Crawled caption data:
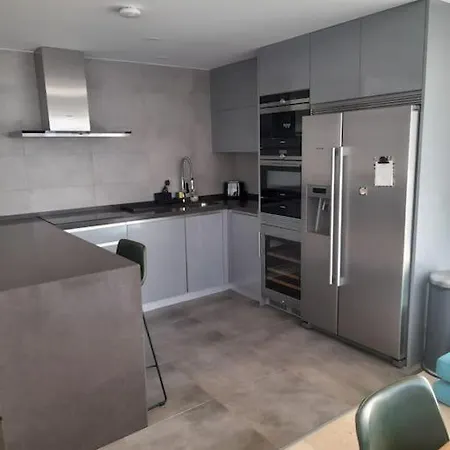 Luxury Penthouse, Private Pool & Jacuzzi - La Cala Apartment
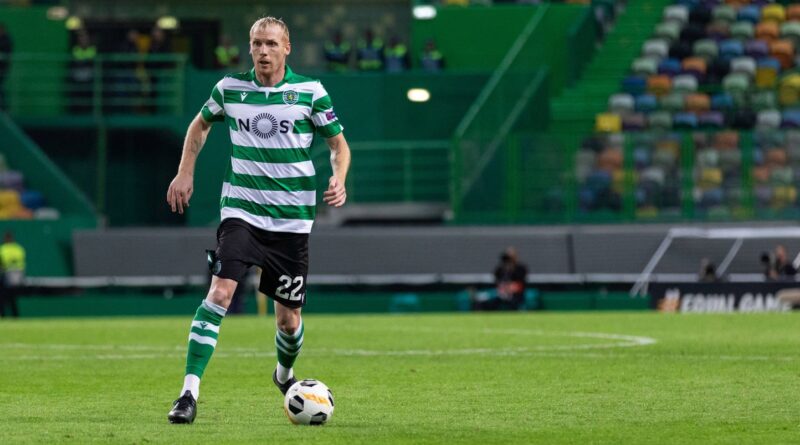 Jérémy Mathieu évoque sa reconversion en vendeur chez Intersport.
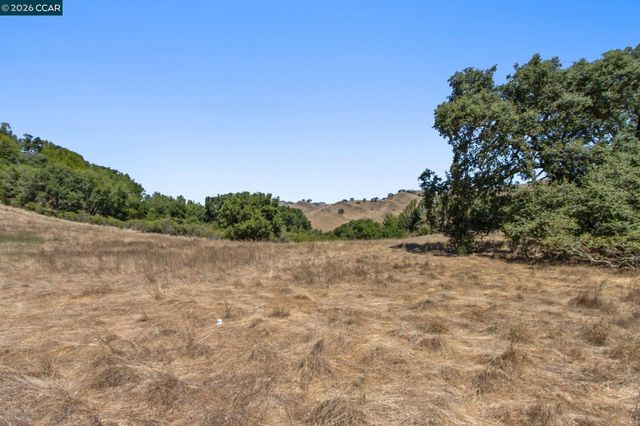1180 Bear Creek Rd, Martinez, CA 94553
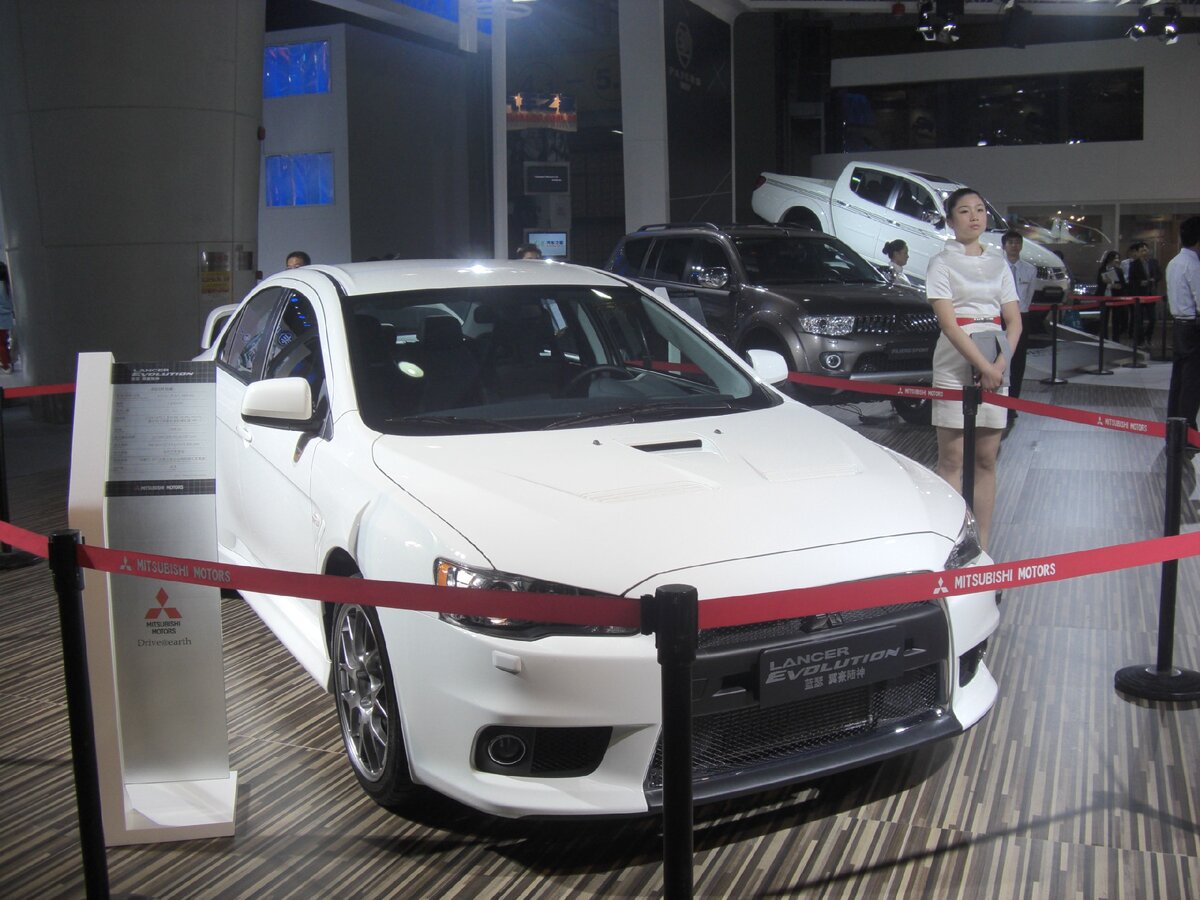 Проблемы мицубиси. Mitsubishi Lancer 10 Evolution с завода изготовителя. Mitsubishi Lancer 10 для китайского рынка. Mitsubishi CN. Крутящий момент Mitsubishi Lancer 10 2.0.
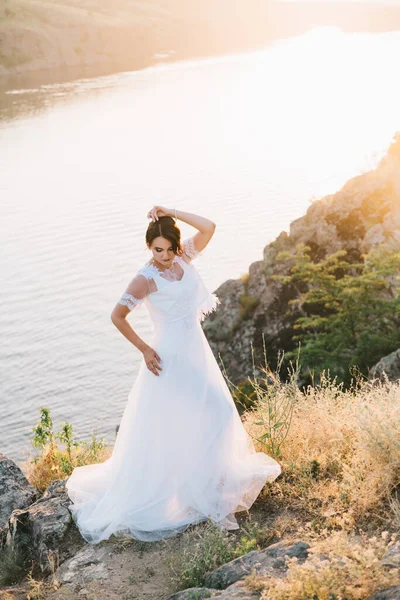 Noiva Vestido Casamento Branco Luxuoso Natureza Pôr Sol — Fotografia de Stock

▸ Instructions to follow: Give again, word for word, every line from the top of the entries above to the line holding "1180 Bear Creek Rd, Martinez, CA 94553", both included. Leave the pictures out.

▸ Result of the task:
 Luxury Penthouse, Private Pool & Jacuzzi - La Cala Apartment
 Jérémy Mathieu évoque sa reconversion en vendeur chez Intersport.
1180 Bear Creek Rd, Martinez, CA 94553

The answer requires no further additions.